TASK OBJECTIVE:
Only the lines from the one containing "ανδρικό t-shirt μαύρο" through the last line of the data below belong in your answer, copied exactly and without pictures.

[Scraped caption text data]

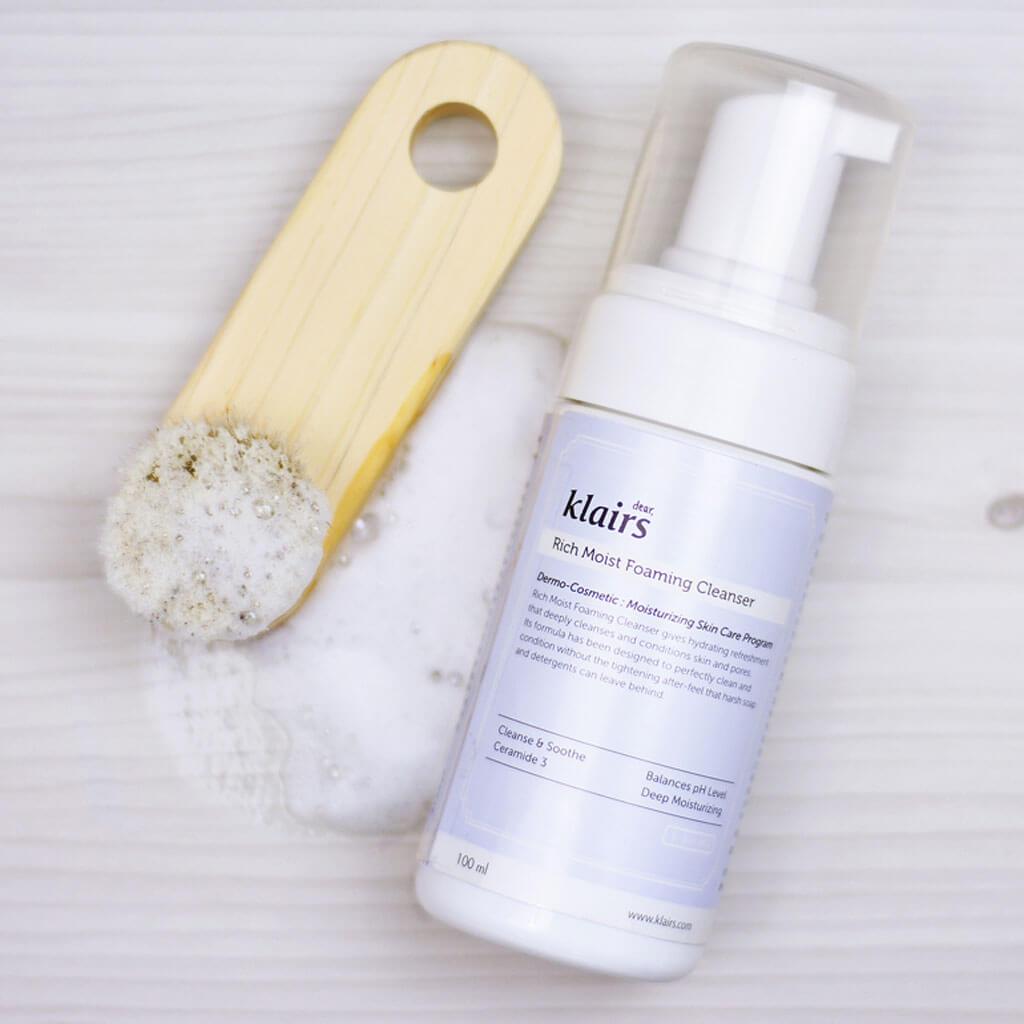 Klairs Rich Moist Foaming Cleanser - Korean-Skincare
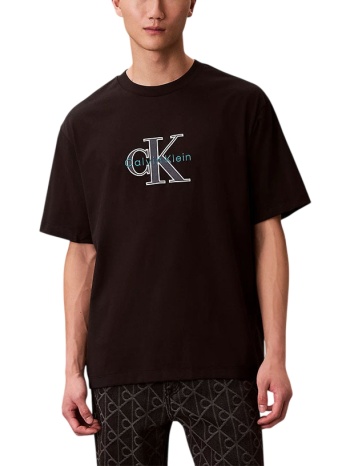 ανδρικό t-shirt μαύρο calvin klein lv04re815g-ub1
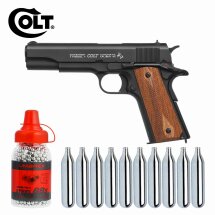 SET Colt 1911 Classic Stahl BB Co2-Pistole 4,5 mm Blow...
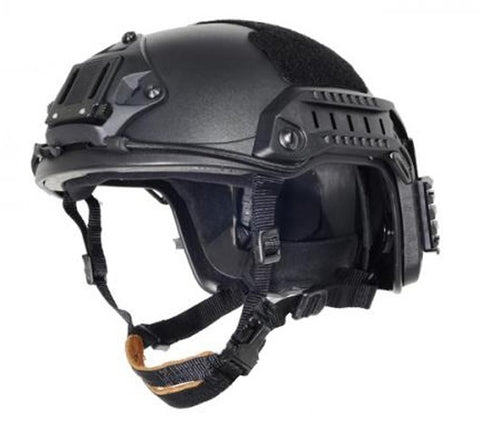 Lancer Tactical Maritime SpecOps Military Style Helmet w/ NVG Mount - Black - Airsoft Nation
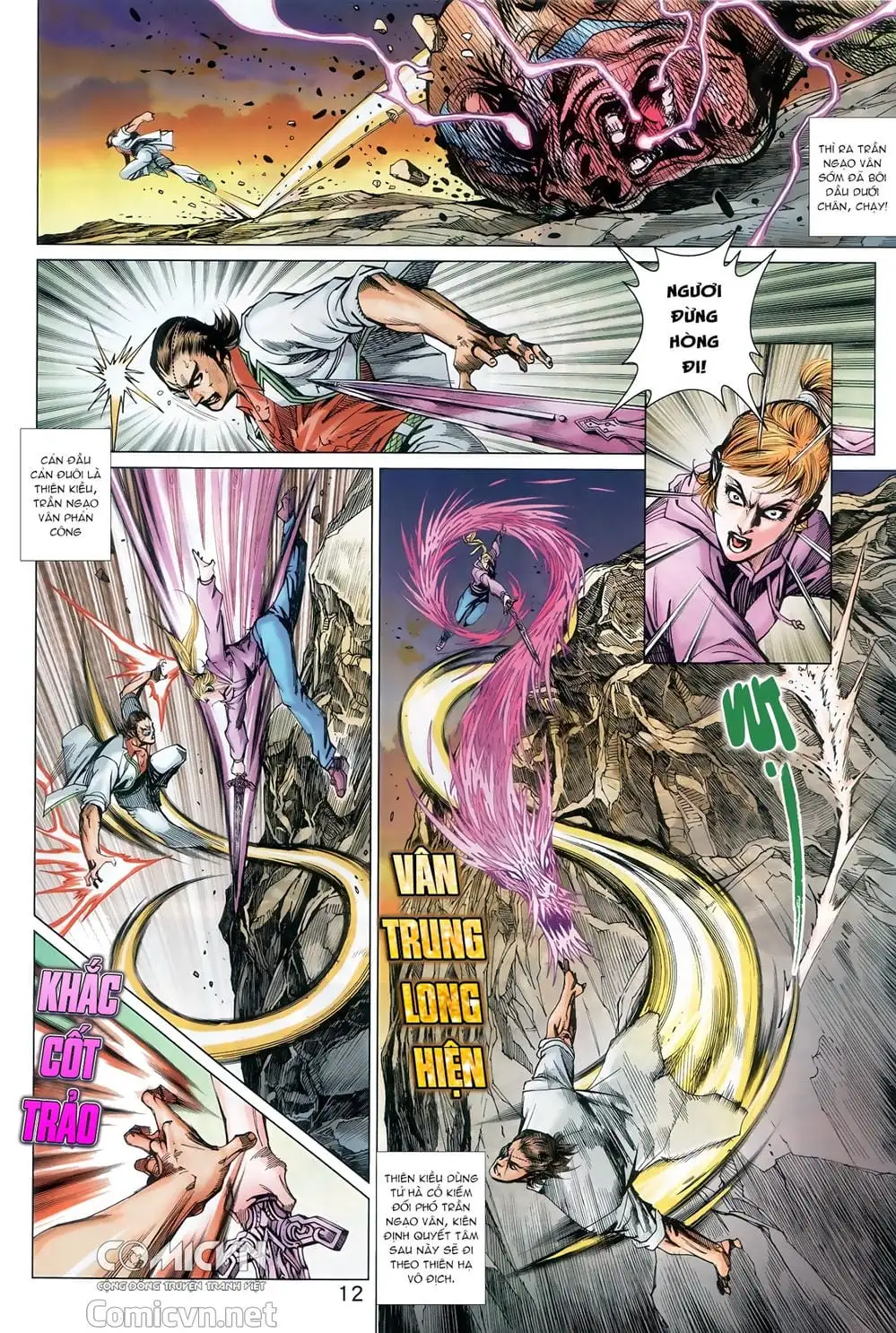 Truyện Tranh Tân Tác Long Hổ Môn trang 4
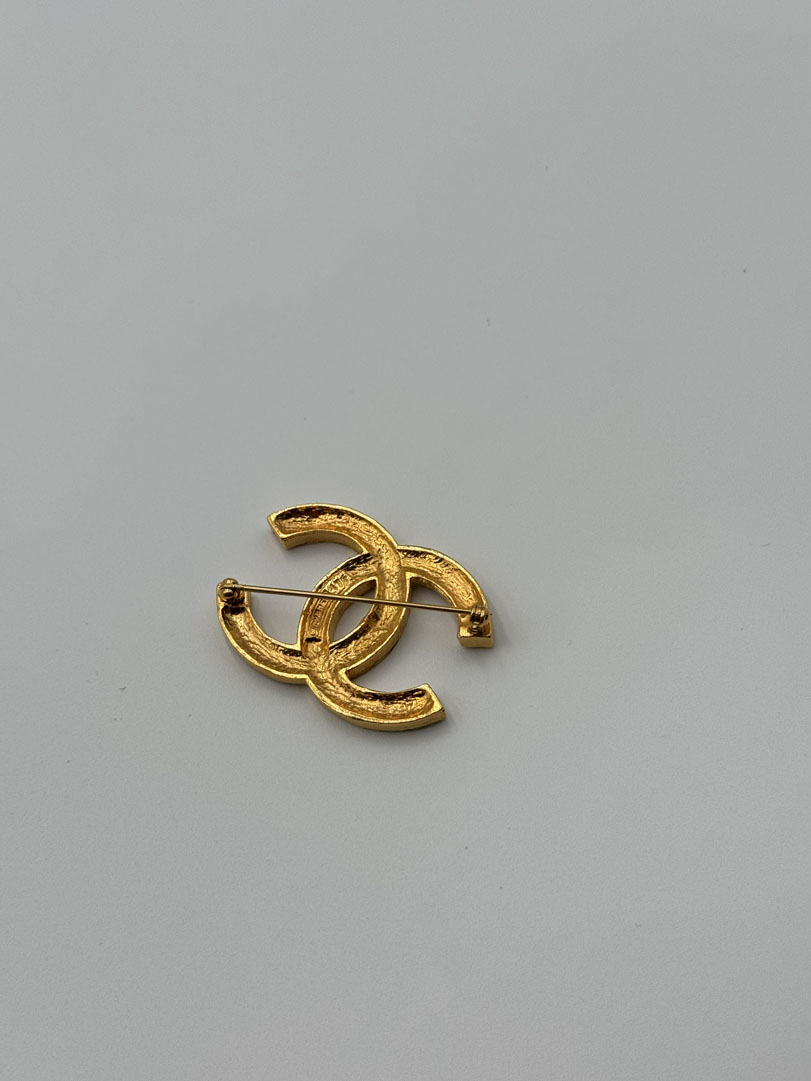 Chanel Rhinestone CC Brooch
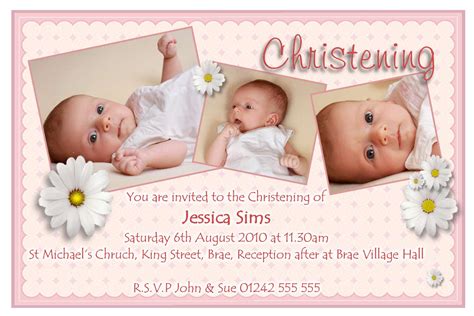 samples christening invitations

SOLUTION TO THE PROBLEM:
 ανδρικό t-shirt μαύρο calvin klein lv04re815g-ub1
 SET Colt 1911 Classic Stahl BB Co2-Pistole 4,5 mm Blow...
 Lancer Tactical Maritime SpecOps Military Style Helmet w/ NVG Mount - Black - Airsoft Nation
 Truyện Tranh Tân Tác Long Hổ Môn trang 4
 Chanel Rhinestone CC Brooch
 samples christening invitations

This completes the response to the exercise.